A distributed source coding approach is proposed for robust data communications in sensor networks. When sensor measurements are quantized, possible correlations between the measurements can be exploited to reduce the overall rate of communication required to report these measurements. Robust distributed source coding (RDSC) approaches differentiate themselves from other works in that the reconstruction error of all sources will not exceed a given upper bound, even if only a subset of the multiple descriptions of the distributed source code are received. We deal with practical aspects of RDSC in the context of scalar quantization of two correlated sources. As a benchmark to evaluate the performance of the proposed scheme, we derive theoretically achievable distortion-rate performances of an RDSC for two jointly Gaussian sources by applying known results on the classical multiple description source coding.

1. Introduction and Motivation

Sensor networks are usually collections of remote sensors that gather temporal and spatial information about a source distributed in time and space.
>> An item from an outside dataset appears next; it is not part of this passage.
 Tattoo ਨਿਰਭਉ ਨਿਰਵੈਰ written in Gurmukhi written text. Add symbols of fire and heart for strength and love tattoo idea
Each sensor reports its measurements to a central unit which extracts meaningful information about the distributed source being measured. The spatial and temporal correlations between sensor measurements can be exploited to reduce the amount of communication required between the sensors and the central unit to achieve a desired reconstruction quality of the distributed source. We call this problem the distributed source coding (DSC) problem.
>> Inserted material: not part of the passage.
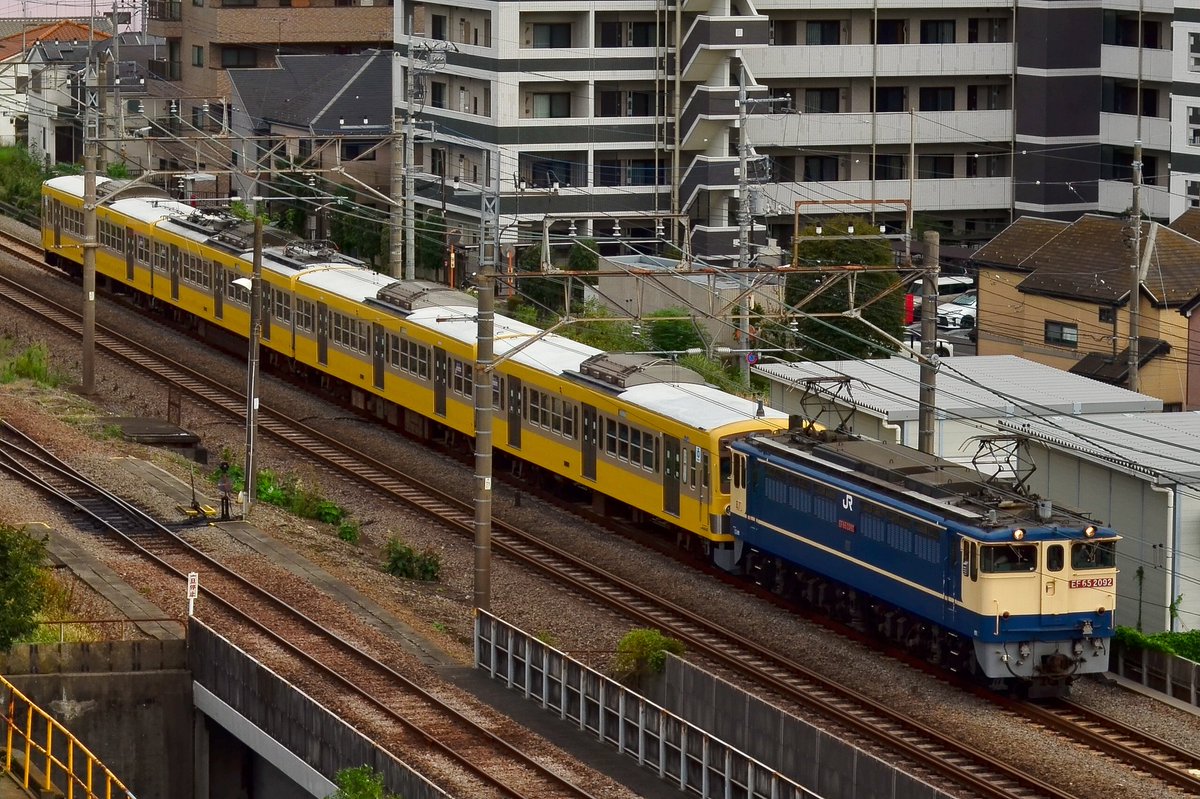 saimyon_report's tweet photo. 9/13 中央線 9267
西武多摩川線用車両甲種輸送
EF65 2092+新101系1249F https://t.co/2nudYjQW7Y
For low-cost sensors, remote communication links to the central server are often unreliable. Therefore, at each given point in time, only a subset of all measurements might be available at the decoding unit. Even though the overall communication rate can be minimized by a distributed coding scheme that completely removes the redundancies between the sensor measurements, the reconstruction quality of the sources when a subset of the measurements are available might be unreasonably poor. Thus, robust distributed source coding is a generalization of the well studied multiple description (MD) coding in which all descriptions are describing a single source.
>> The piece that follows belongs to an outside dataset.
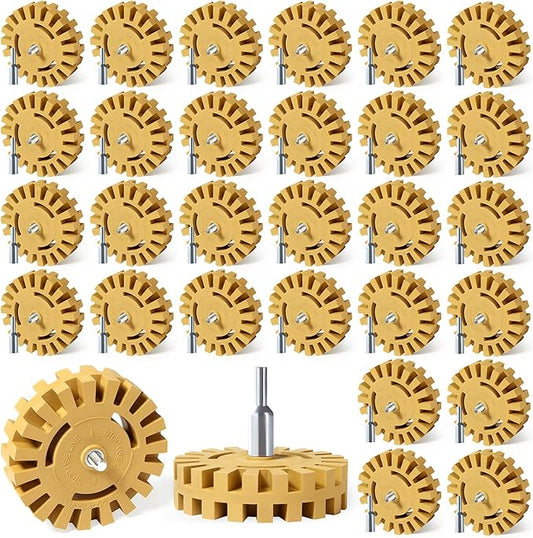 CowboyBOB 30 Pack Decal Remover Eraser Wheel Rubber Eraser Wheel for Drill Removes Car Stripes Vinyl Tapes and Graphics Rubber Eraser Wheel Tool Kit for Cars, RV, Motorcycles Sticker Remover Tool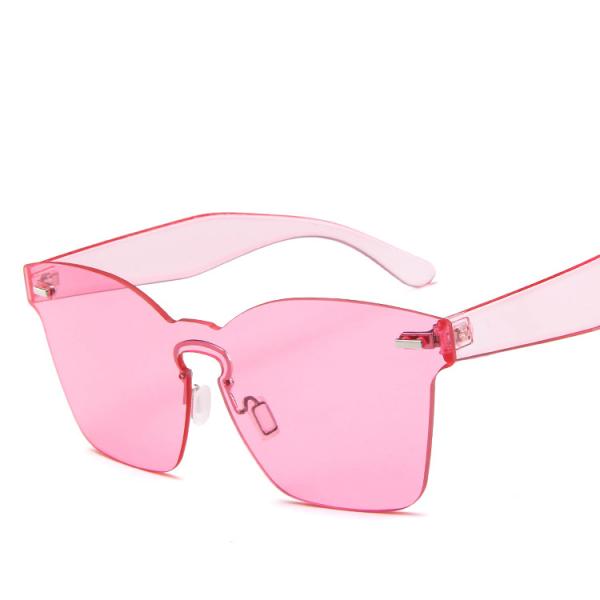 UV400 Rimless Square Frame One Piece Lens Band Packaging Women Hot Sale Sunglasses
A robust distributed source coding (RDSC) scheme, on the other hand, minimizes the overall communication rate while satisfying a given bound on the maximum reconstruction error when only a subset of the measurements are available. Theoretical aspects of RDSC problem are addressed in [1, 2]. Practical DSC schemes often consist of a quantizer followed by lossless discrete source coders. The correlations between the quantized values of two sensors are used to reduce the overall rate required to communicate them to the server. This reduction is still possible even if each sensor has only access to its own readings, in compliance with Slepian-Wolf's theorem, as pursued practically in [3]. Moreover, the quantizers can also be designed to optimally exploit this correlation in conjunction with the lossless coders following them. Such schemes are reported in [2, 4–7] mainly for two sources with or without side information. Scalability of distributed coding of correlated sources is considered in [5]. Similarly, [7] demonstrates that for binary symmetric and additive white Gaussian noise channel the correlation between sources can be useful in reducing quantization distortion and protecting data when transmitted over noisy channels. Discussion on distortion performance gain and quantizer design using intersensor communication is reported in [8].

This work is a practical attempt to address the RDSC problem in the context of optimally designing scalar quantizers. We also introduce a paradigm shift in the problem formulations, which we believe is more appropriate for a distributed measurement context. The goal of conventional DSC and RDSC problems is the reconstruction of a single source X from the encoded versions of a number of noisy measurements of X (one for each sensor). We, on the other hand, assume that each sensor i is measuring a separate random variable $X_{i}$ , with $X_{i}$ 's being possibly dependent. The objective is to minimize the expected distortion of the reconstructions of all sources.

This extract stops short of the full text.